I wanted to share some information on what we are able to do with Librivox recordings, and give people a thread to discuss about it, if they want.

I work for Toshiba Research Europe Ltd, in a group that does research on speech synthesis ("text-to-speech", "computer voices", i.e. where the computer reads out a text). As you might know, speech synthesis has improved a lot since it was first implemented, and is now often quite good for limited domains. However, it is still a long way away from humans for tasks such as reading a book. This is why there is a lot of research interest in this field. And as speech synthesis relies heavily on data these days, data (i.e. recordings of people reading books) is very important. This is how we came across Librivox. It's great :-)

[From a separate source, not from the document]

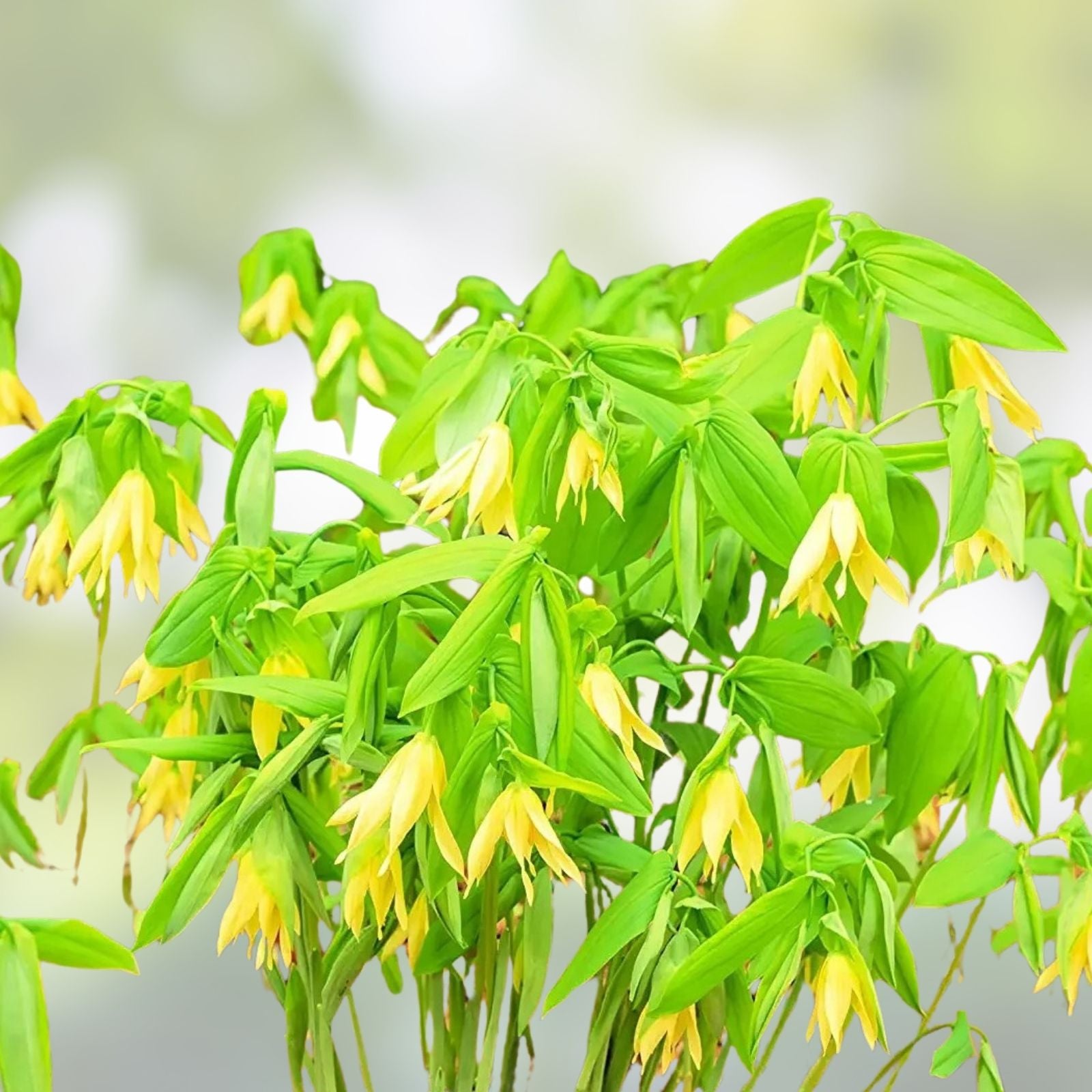 Bellwort Seeds 10 Pack - Uvularia grandiflora - Perennial Flower Seeds with Bell-Shaped Blooms for Planting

We have downloaded some recordings and processed them. We can now turn recordings into individual synthetic voices, with which new texts can be synthesized. We have not yet made any texts synthesized with these voices public. However, we would like to do so. For example, we would like to be able to get feedback from people on which synthetic voices sound best. And maybe allow people to download synthesized books. And in the future, it is theoretically possible that the company would also like to use these voices for products (although it would be very unusual to use non-studio recordings directly for this).

I understand (and someone from the Librivox Admin Team has kindly confirmed this) that the public domain license also gives us the legal right to do this. However, we are planning to contact individual readers before we use the synthetic version of their voice publicly. So some of you might be getting a Private Message from me in the near future. But feel free to express your views here instead/in addition.

We know we are not the only ones using these recordings but there doesn't seem to be any previous forum discussion about this topic.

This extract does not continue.